UDM is often executed purely within the scope of a program for BI and data warehousing (DW), but it may also reach into some or all operational data management disciplines (such as database administration, operational data integration, and enterprise data architecture).
UDM unifies many things. As its name suggests, it unifies disparate data disciplines and their technical solutions. On an organizational level, it also unifies the teams that design and deploy such solutions. The unification may simply involve greater collaboration among technical teams, or it may involve the consolidation of teams, perhaps into a data management competency center.
In terms of deployed solutions, unification means a certain amount of inter-operability among servers, and possibly integration of developer tool GUIs. Technology aside, UDM also forces a certain amount of unification among business people, as they come together to better define strategic business goals and their data requirements. When all goes well, a mature UDM effort unifies both technical and business teams through IT-to-business alignment.
Why Care About UDM?
There are many reasons why organizations need to step up their efforts with UDM:
Technology drivers. From a technology viewpoint, the lack of coordination among data management disciplines leads to redundant staffing and limited developer productivity. Even worse, competing data management solutions can inhibit data’s quality, integrity, consistency, standards, scalability, architecture, and so on. On the upside, UDM fosters greater developer productivity, cross-system data standards, cross-tool architectures, cross-team design and development synergies, and assuring data’s integrity and lineage as it travels across multiple organizations and technology platforms.
Business drivers. From a business viewpoint, data-driven business initiatives (including BI, CRM, regulatory compliance, and business operations) suffer due to low data quality and incomplete information, inconsistent data definitions, non-compliant data, and uncontrolled data usage. UDM helps avoid these problems, plus it enables big picture data-driven business methods such as data governance, data security and privacy, operational excellence, better decision making, and leveraging data as an organizational asset.
To be successful, an organization needs a data strategy that integrates a multitude of sources, case studies, deployment technologies, regulatory and best practices guidelines, and any other operating parameters.
Many organizations have begun to think about the contributions of customer information in a more holistic way as opposed to taking a more fragmented approach.

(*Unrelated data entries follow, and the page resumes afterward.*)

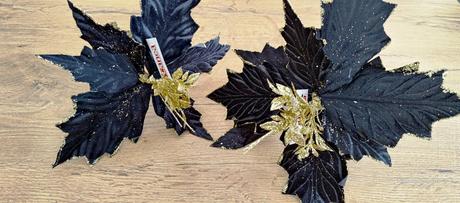 Dekorácia - kvet - čierno zlatý, 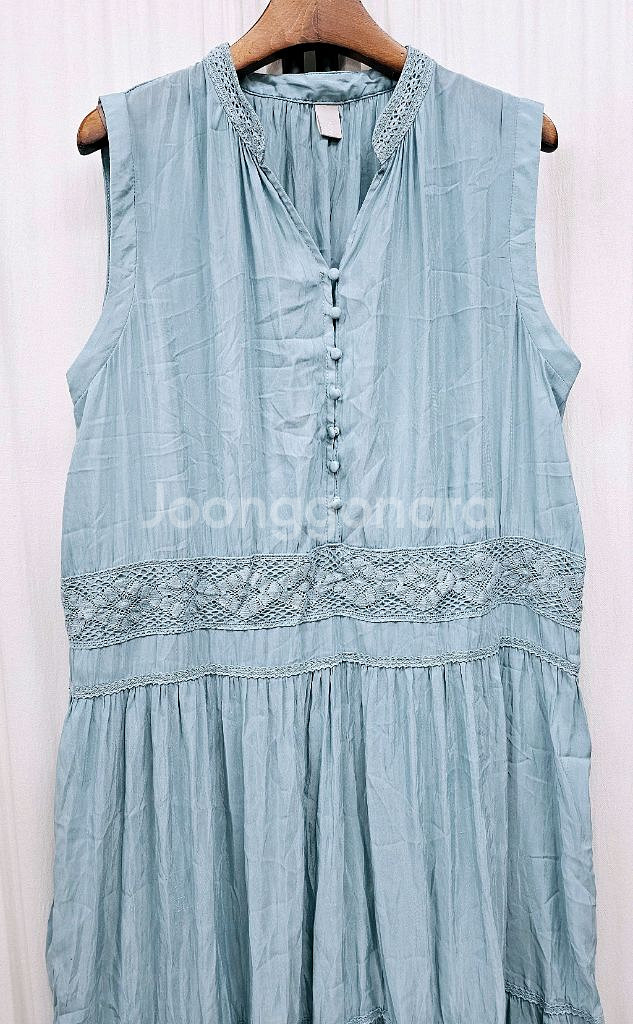 난닝구 민소매 레이스배색 롱원피스 빅사이즈 여름원피스--1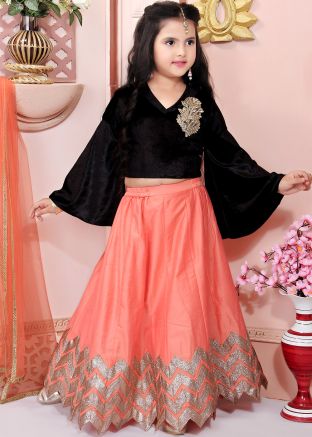 Designer Peach Gota Patti Laced Bell Sleeved Kids Lehenga Choli USA UK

In the past, these efforts were undertaken mainly by organizations traditionally reliant on data for their model (like finance and publishing), but today, as more and more businesses recognize the benefits of a more comprehensive approach, these strategies are gaining much wider deployment.
What should a good strategy look like?
First, identify all data assets according to their background and potential contribution to the enterprise.
Second, outline a set of data use cases that will show how information will support any of a variety of customer marketing functions.
Next, create rules and guidelines for responsible use and access, making sure that the process is flexible and transparent. Keep in mind that not all data should be treated the same way; rather, it should be managed according to its sensitivity and need.
Finally, make sure that this process is ongoing so that tactics can be evaluated and adjusted as needed.
Such a strategy combines the best practices with responsible data governance and smart organization. Everyone wins - the employees who gain quick access to essential information, the enterprise that is running more smoothly; and of course, the customers who are served by a resource-rich organization!